It's shallow and not past the centre so shouldn't be a problem in the future (although it's a PITA to try and polish it out). I'm planning to have this ZK rehandled along with my SG-2 Damascus bread knife (it has a gap between the scale and tang that is annoying)


----------



## preizzo (Jan 5, 2017)

Before you will get at that point you will have to use and sharpening the knife tons of time,but yes looks like an overgrind.


----------



## jkao (Feb 1, 2017)

I finally got the replacement knife back after about 3 weeks, but it also bent the same way. Now it feels like this is the norm rather than an exception.


----------



## gic (Feb 2, 2017)

they guarantee their knives, return it??


----------



## LifeByA1000Cuts (Feb 2, 2017)

This might be interconnected: The knife was bent already when it was sharpened, and sharpening a bent knife without paying attention to the fact it is bent can land you in deep yoghurt.


----------



## jkao (Feb 2, 2017)

It seems like something is up with the way they manufacture these knives. All the bent one I've encountered are all bent in the same direction.


----------



## richard (Feb 2, 2017)

I don't know that's it's a consistent defect.
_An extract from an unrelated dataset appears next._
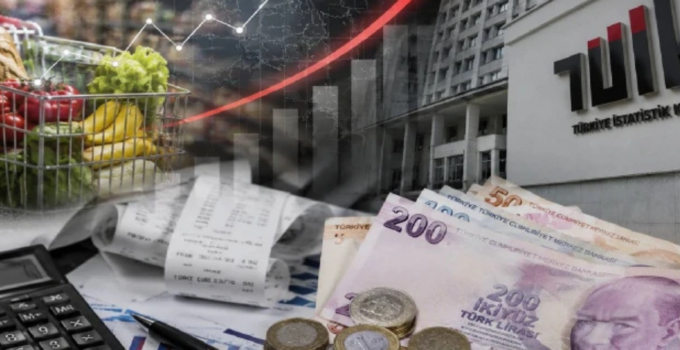 TEMMUZ AYI ENFLASYON RAKAMLARI BELLİ OLDU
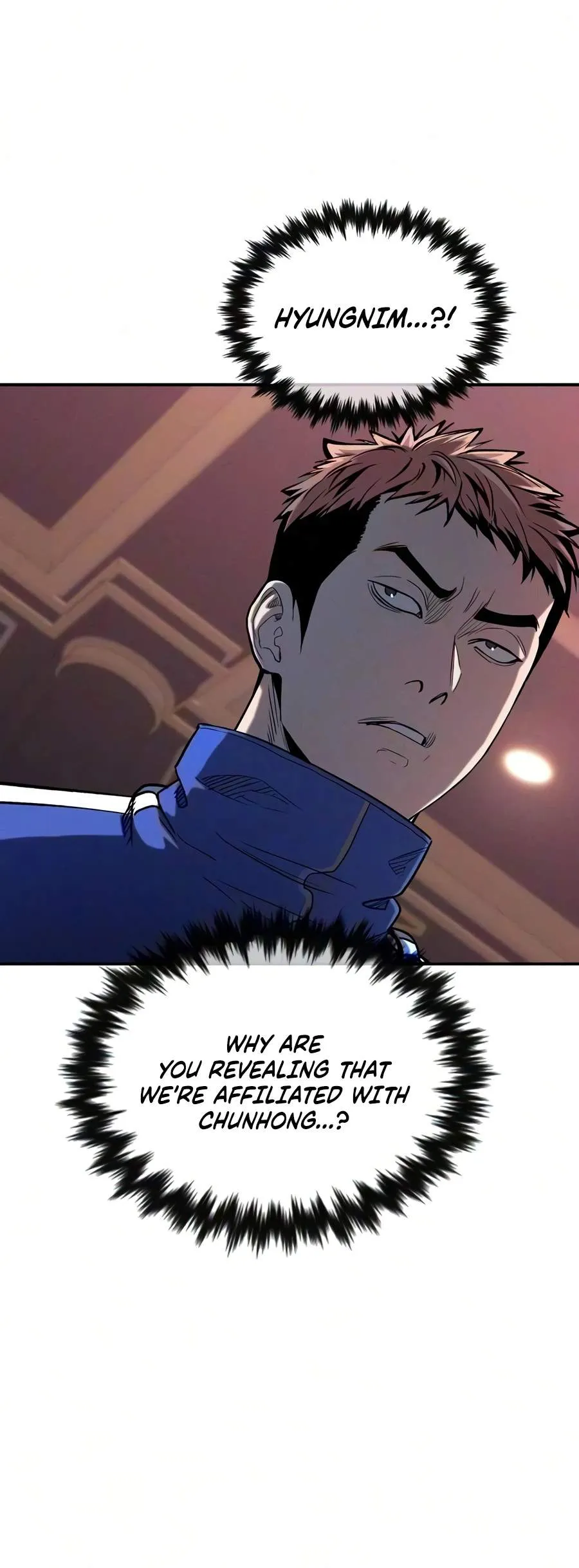 Debtbound by Blood Chapter 34 page 4 -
My ZK Essential 10" tip is very slightly more to the right (not left), but it's maybe like <0.5 mm from center, and not really noticeable. No such issue with my ZK Meiji 8".


----------



## Marek07 (Feb 3, 2017)

Having reread this forum after reading that a member received a replacement knife that was still bent, I decided to carefully examine my knife. I have a 10" ZK chef's knife in 52100. Initially I thought I had a bent tip as well. However placing it on both sides on various "flat" surfaces in my kitchen, I can't see a consistent bend. Depending on the surface, the tip may appear to bend in either direction. In any scenario I tried, the bend is never as great as 1mm and possibly half of that - very hard to measure accurately. Therefore, I do not think it a manufacturing defect but the effect of the distal taper causing the tip to rise ever so slightly from a flat surface. If I'm incorrect in assuming this, please let me know.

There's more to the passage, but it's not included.